* **WHAT YOU ARE ASKED TO DO**
The listing is to be printed word for word, pictures omitted.

* **TASK MATERIAL**
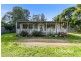 9 Anebo Street, Warneet VIC 3980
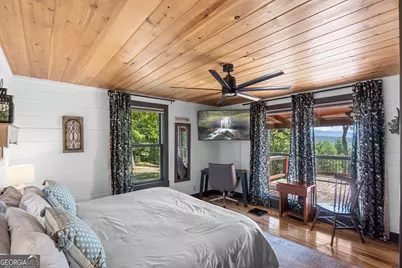 832 Scenic Mountain View Road, Blue Ridge, GA 30513 - Photo 15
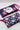 Cartera Matsuri (PREORDER)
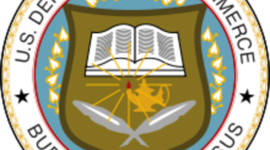 Timeline: Timeline of the U.S. Census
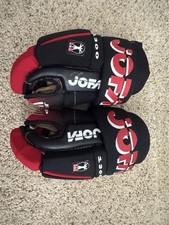 Jofa ice hockey for sale  Chatsworth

* **RESULT**
 9 Anebo Street, Warneet VIC 3980
 832 Scenic Mountain View Road, Blue Ridge, GA 30513 - Photo 15
 Cartera Matsuri (PREORDER)
 Timeline: Timeline of the U.S. Census
 Jofa ice hockey for sale  Chatsworth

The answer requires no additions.